O jurista Modesto
Carvalhosa pergunta: onde está escrito, na Constituição, que o Congresso
tem legitimidade para promover autonomamente - e no seu interesse - uma
reforma política? A CF exige, responde ele, a realização de plebiscito:
A reforma política em
curso no Congresso peca de vício de origem que a torna absolutamente
inválida no âmbito de um estado de direito.
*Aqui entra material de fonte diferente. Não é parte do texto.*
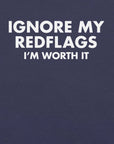Close-up of navy t-shirt with bold white text “IGNORE MY RED FLAGS I’M WORTH IT” printed on the front.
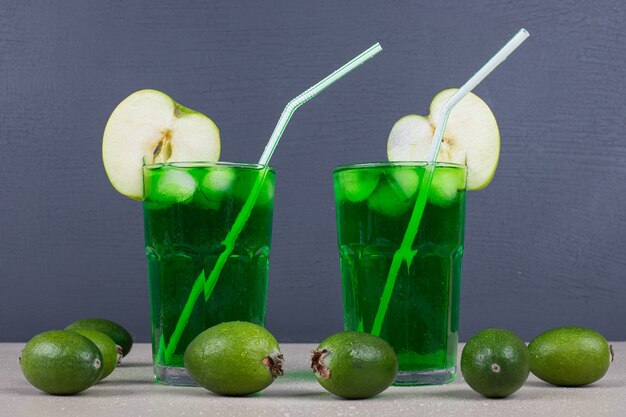 Dos vasos de jugo verde con pajitas en la pared azul.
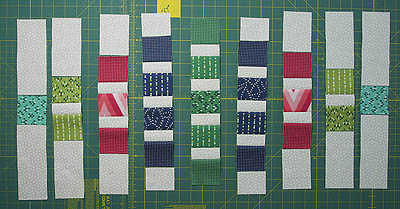 Rows completed by adding more background fabric to top and bottom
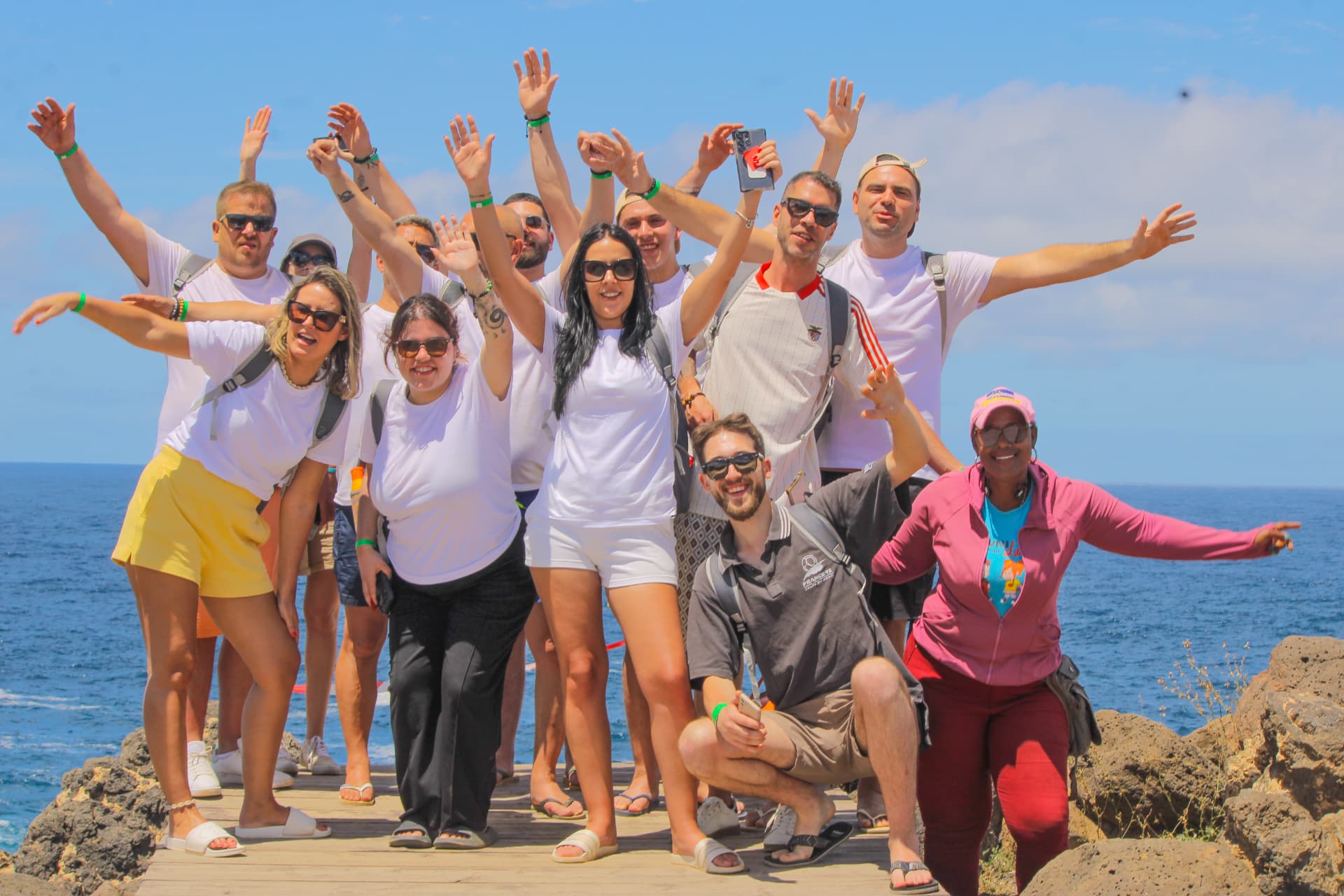 Grupo de visitantes da Krioula Tour de braços no ar num miradouro sobre o mar, Ilha do Sal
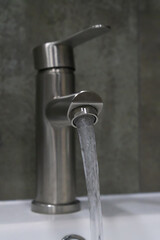 Clean water flowing from a brushed nickel faucet in a bathroom creates a refreshing atmosphere, emphasizing hygiene and promoting a sense of purity and wellness in the space. Vertical photo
Nossa democracia funda-se no
princípio da soberania do povo, inscrito no artigo 1º da Constituição
Federal (CF), cujo sistema de representação, à luz do artigo 14 da mesma
Carta, só poderá ser alterado por plebiscito, aí incluídos os temas
cláusula de barreira e financiamento público de campanha.
Na Constituição de
qualquer país democrático, e muito menos aqui, não há autorização para
os mandatários aprovarem uma autorreforma política, usurpando a
soberania do povo. Só falta, em seguida, admitir que mera PEC substitua
presidencialismo por parlamentarismo…
Ora, nem os Estados
Unidos ousaram rever seu arcaico sistema eleitoral. E, de todo modo,
nenhum país verdadeiramente democrático ousaria fazê-lo sem a necessária
consulta prévia ao eleitorado, oferecendo diversas opções de mecanismos
de representação e financiamento de campanhas eleitorais.
A finalidade da
cláusula de barreira e do financiamento público de campanhas nessa
inaceitável reforma é, doravante, em todas as esferas, perpetuar no
poder seus atuais detentores e impedir o surgimento de novos partidos e
candidaturas independentes, eliminando uma das bases da democracia, isto
é, a alternância e a constante renovação dos representantes do povo.
Mas o chamado Fundo
Especial de Financiamento da Democracia (?!) de até R$ 6 bilhões não
pode ser acolhido por ferir o princípio fundamental da separação entre
os recursos públicos e os privados.
Pessoas jurídicas de
Direito Privado que são, os partidos políticos, segundo o artigo 17 da
CF, apenas podem receber do Estado o atual Fundo Partidário e o acesso
gratuito ao rádio e à televisão.
Além do mais,
qualquer outro benefício inventado pela autorreforma política esbarra na
norma que veda a fixação de despesa sem a previsão da respectiva
receita (artigo 165 da CF), princípio fundamental e inderrogável por
qualquer PEC.
A propósito, onde
está escrito na Constituição que o Congresso tem legitimidade para
promover autonomamente e no seu único interesse uma reforma política,
ignorando a soberania popular consagrada pelos artigos 1º e 14º da CF?
A sede de poder
revelada por esse monstrengo de autorreforma política também atenta
contra os princípios da moralidade e da impessoalidade, que devem
presidir à conduta dos mandatários de cargos públicos (artigo 37 da CF).
Os pretextos para
essa autorreforma das estruturas de representação popular são
insubsistentes, tanto mais quanto se sabe que o voto distrital puro, a
ser objeto de imperioso plebiscito, diminui os custos de campanha
drasticamente (80%) e vincula aos eleitores o representante escolhido
pelo distrito, acabando com a dispersão de votos e a desproporção de
parlamentares federais por estado.
A vingar essa
autorreforma, típica de república das bananas em que vamos
gradativamente nos transformando, a corrupção será generalizada nas
eleições de 2018 e seguintes, pois uma fortuna de R$ 3 bilhões a R$ 6
bilhões estará à disposição dos caciques dos partidos, dos seus
milionários marqueteiros, sobrando ainda muito dinheiro do povo para a
compra de votos através de cabos eleitorais pagos a peso de ouro
(prefeitos, vereadores, presidentes de associações de bairros, chefes de
comunidades etc.), tudo isso sem contar que o crime organizado
certamente entrará firme nas “campanhas cívicas” para dividir o botim
tirado do Estado.
Portanto, cabe ao STF
pôr cobro a esse desmanche dos fundamentos de nossa democracia,
determinando a convocação de plebiscito para decidir — sim ou não —
sobre as propostas de reforma política.
E nós, o povo,
devemos ir às ruas e impedir que essa monstruosidade venha não só
legalizar, mas constitucionalizar a corrupção eleitoral. (O Globo).